### EXERCISE OBJECTIVE:
The part below that opens with the line containing "Tastatura mecanica gaming" and closes with the line containing "Concrete Side Table" should be copied exactly, minus any pictures.

○ ○ ○ ○

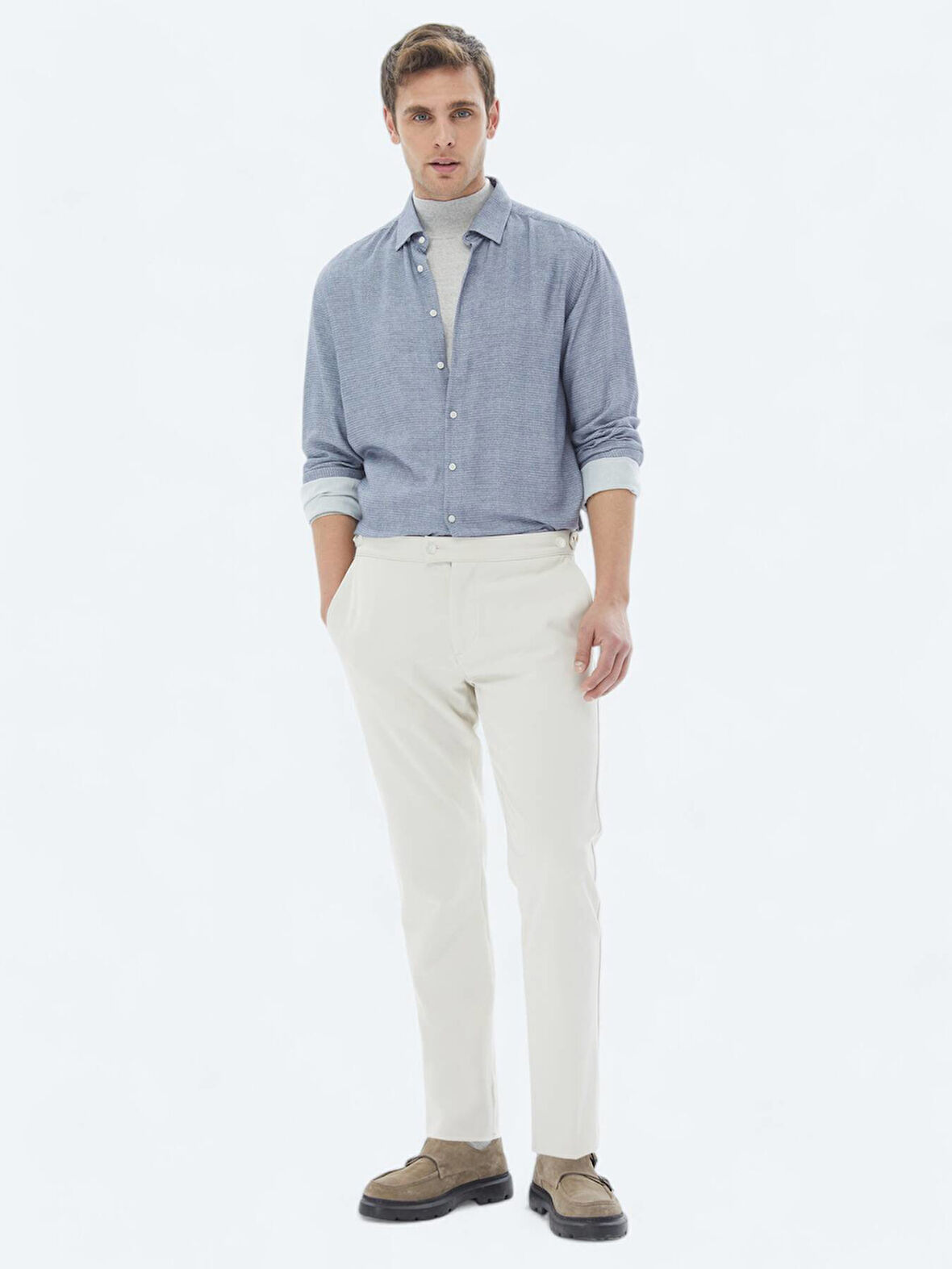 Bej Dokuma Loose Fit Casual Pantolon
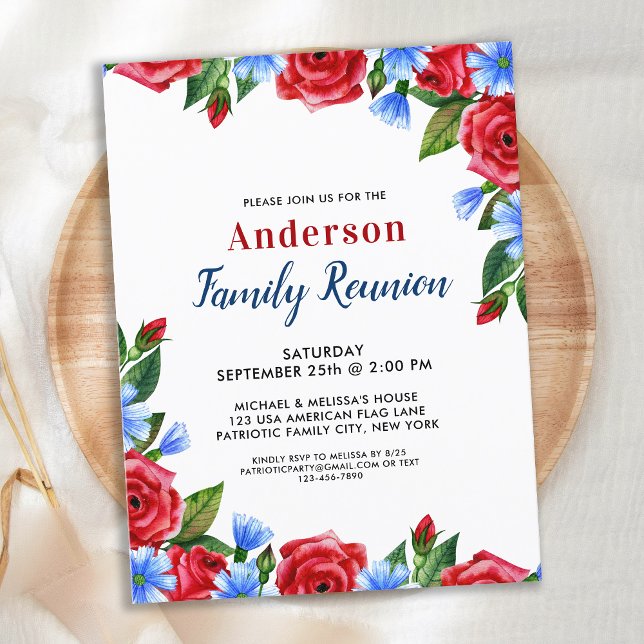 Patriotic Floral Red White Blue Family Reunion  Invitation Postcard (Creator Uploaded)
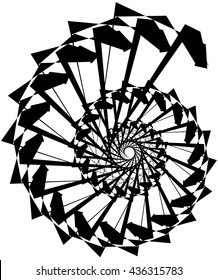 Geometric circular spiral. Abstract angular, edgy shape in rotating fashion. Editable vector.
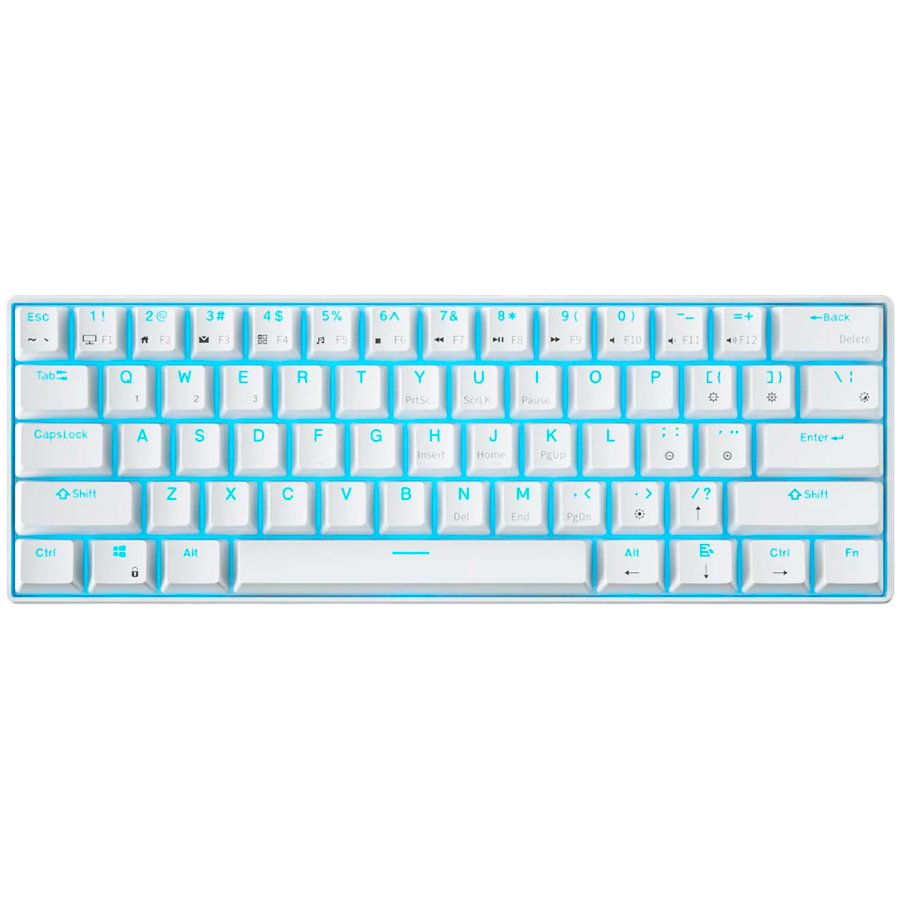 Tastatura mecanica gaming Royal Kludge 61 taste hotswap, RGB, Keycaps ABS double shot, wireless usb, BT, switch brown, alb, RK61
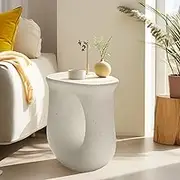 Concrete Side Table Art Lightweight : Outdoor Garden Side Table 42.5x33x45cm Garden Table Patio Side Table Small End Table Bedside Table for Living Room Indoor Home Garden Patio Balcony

○ ○ ○ ○

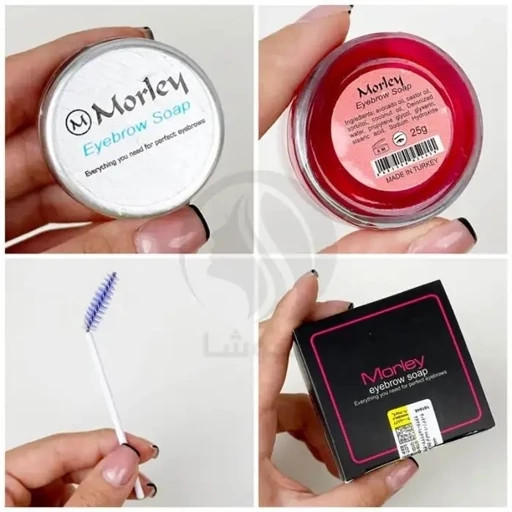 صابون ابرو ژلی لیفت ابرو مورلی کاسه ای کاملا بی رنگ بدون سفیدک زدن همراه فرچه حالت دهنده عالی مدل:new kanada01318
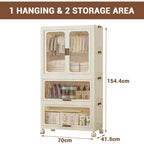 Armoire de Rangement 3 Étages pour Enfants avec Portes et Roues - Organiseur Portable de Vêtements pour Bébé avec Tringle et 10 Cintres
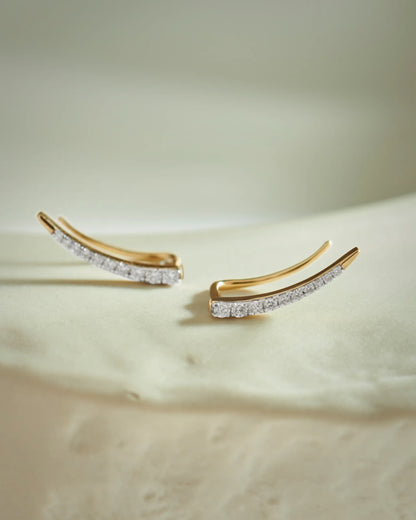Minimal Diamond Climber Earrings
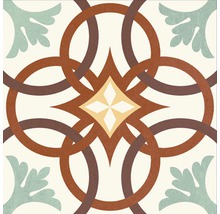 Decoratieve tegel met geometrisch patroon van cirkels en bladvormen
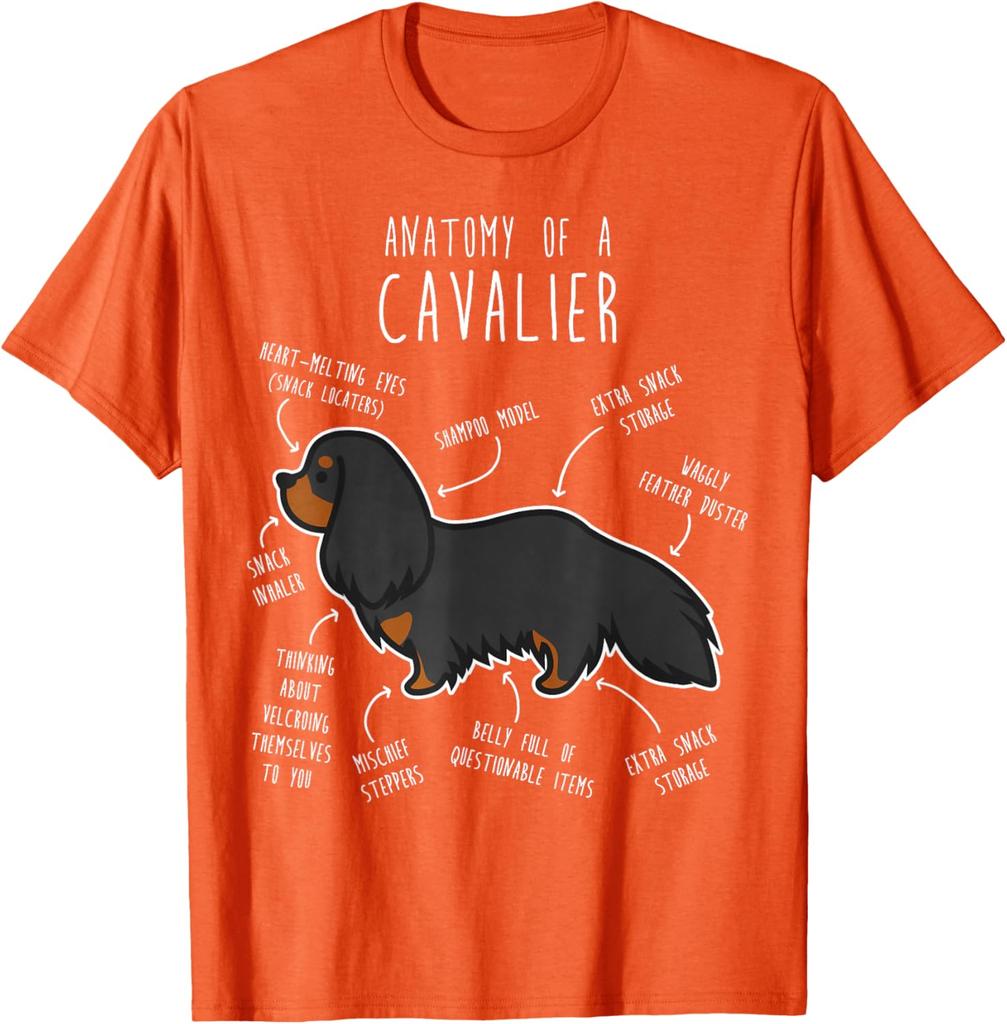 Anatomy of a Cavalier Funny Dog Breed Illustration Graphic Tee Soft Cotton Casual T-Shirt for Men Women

○ ○ ○ ○

### ANSWER TO THIS EXERCISE:
 Tastatura mecanica gaming Royal Kludge 61 taste hotswap, RGB, Keycaps ABS double shot, wireless usb, BT, switch brown, alb, RK61
 Concrete Side Table Art Lightweight : Outdoor Garden Side Table 42.5x33x45cm Garden Table Patio Side Table Small End Table Bedside Table for Living Room Indoor Home Garden Patio Balcony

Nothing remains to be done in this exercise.